机器学习：XGBoost+LightGBM+catboost+5折+stacking的用法

最新推荐文章于 2024-06-28 20:24:23 发布

cyber_1987

最新推荐文章于 2024-06-28 20:24:23 发布

阅读量8k

点赞数 14

分类专栏：机器学习文章标签： python excel 数据分析

本文链接：https://blog.csdn.net/weixin_42029733/article/details/121578491

版权

机器学习专栏收录该内容

18 篇文章 4 订阅

订阅专栏

前言：
目前传统机器学习的比赛中，基本是树模型打天下了，xgboost、lightgbm和catboost各有优劣，如果把三者结合起来，即使使用投票效果也会很好。另外如果再使用5折交叉验证的方法（KFold），同时使用oob（out of bag，袋外值）作为训练集，xgb、lgb和cat对test的结果作为验证集，再使用stacking的方法，那么模型成功率和稳定率将会大大提升。本文以代码为主，主要讲述这一系列工作该如何做。

注：数据使用的是清洗干净的纯数字、无缺失、无杂音，而且树模型还不需要数据标准化，所以数据清洗和特征工程部分就略过了，数据因保密性也无法提供。

一、基础导入

import pandas as pd
import xgboost as xgb
import lightgbm as lgb
import catboost as ctb
from sklearn.model_selection import train_test_split
from sklearn.metrics import classification_report
from sklearn.model_selection import GridSearchCV
from sklearn.model_selection import KFold
pd.options.display.max_columns=200

train_data = pd.read_csv('high_diamond_ranked_10min.csv')

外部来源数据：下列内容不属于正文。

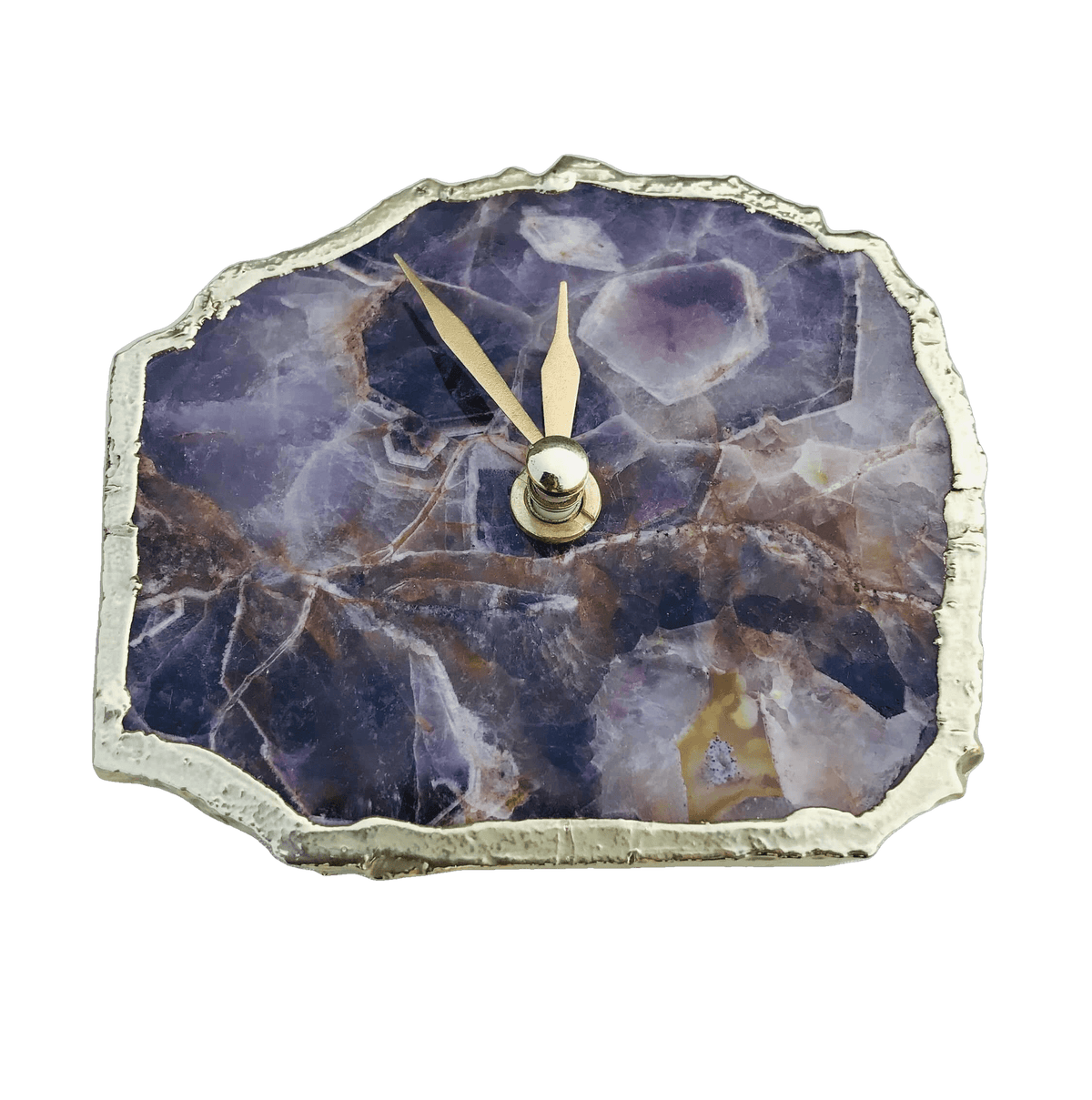 Amethyst Desk Wall Clock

train_data_X = train_data.drop(['blueWins','gameId'],axis=1)
train_data_y = train_data['blueWins']

X_train, X_test, y_train, y_test = train_test_split(train_data_X,train_data_y,test_size=0.2, random_state=42)

二、单模型测试

1、LightGBM

#这里是gridsearchcv进行参数选择，用的是LGBMClassifier,LGBMRegressor也是同样的方法
#这里只是供参考，后面xgboost和catboost都没有gridsearch

lgb_cv_params = {
    'n_estimators':range(10,20),
}

lgb_params = {
#     'n_estimators':300,
    'max_depth':8, #一般这个值设为7-10即可
    'num_leaves':30, #要小于2**max_depth，比如2**7也就是128，
    'learning_rate':0.1,
    'subsample':0.8,
    'feature_frequency':0.8,
    'random_state':32,
    'class_weight':'balanced',
    'n_jobs':4,
    'subsample_freq':2
}

lgb_cv = GridSearchCV(lgb.LGBMClassifier(**lgb_params), 
                      lgb_cv_params,
                      scoring='accuracy',
                      cv=5,
                      n_jobs=-1)

lgb_cv.fit(X_train, y_train)

print(lgb_cv.best_params_)
print(lgb_cv.best_score_)

#这里就用网格搜索出来的参数重新训练一次
lgb_reg = lgb.LGBMRegressor(max_depth=8,
                           n_estimators=300,
                           subsample=0.8,
                           colsample_bytree=0.8)
lgb_reg.fit(X_train, y_train, eval_set=[(X_train, y_train),(X_test, y_test)],early_stopping_rounds=30,verbose=5,eval_metric='auc')
lgb_predict = lgb_reg.predict(test_data.drop('gameId',axis=1))

2、catboost

cat_reg = ctb.CatBoostRegressor(learning_rate=0.1,
                               depth=8,
                               random_seed=32,
                               )
cat_reg.fit(X_train, y_train, eval_set=[(X_train, y_train),(X_test, y_test)],early_stopping_rounds=30,verbose=5)
cat_predict = cat_reg.predict(test_data.drop('gameId',axis=1))

3、xgboost

xgb_reg = xgb.XGBRegressor(max_depth=8,
                          learning_rate=0.1,
                          n_estimators=300,
                          n_jobs=4,
                          colsample_bytree=0.8,
                          subsample=0.8,
                          random_state=32,
                          )
xgb_reg.fit(X_train, y_train, eval_set=[(X_train, y_train),(X_test, y_test)],early_stopping_rounds=30,verbose=5,eval_metric='auc')
xgb_predict = xgb_reg.predict(test_data.drop('gameId',axis=1))

4、三个单模型投票融合

output = pd.DataFrame({'lgb':lgb_predict, 'xgb':xgb_predict, 'cat':cat_predict})
output['pred'] = output.apply(lambda x:x.mean(),axis=1)
output['pred'] = output['pred'].apply(lambda x: 1 if x>=0.5 else 0)

#导出数据
output['gameId'] = test_data['gameId']
output = output.rename(columns={'pred':'blueWins'})
output[['gameId','blueWins']].to_csv('zhanglei_output.csv', index=False)

三、5折交叉+stacking

1、5折交叉（lgb+xgb+cat,含oof-袋外计算）

1）、先预备好验证集的oof和测试集的df

import numpy as np

oof_lgb = np.zeros(train_data_X.shape[0])
oof_xgb = np.zeros(train_data_X.shape[0])
oof_cat = np.zeros(train_data_X.shape[0])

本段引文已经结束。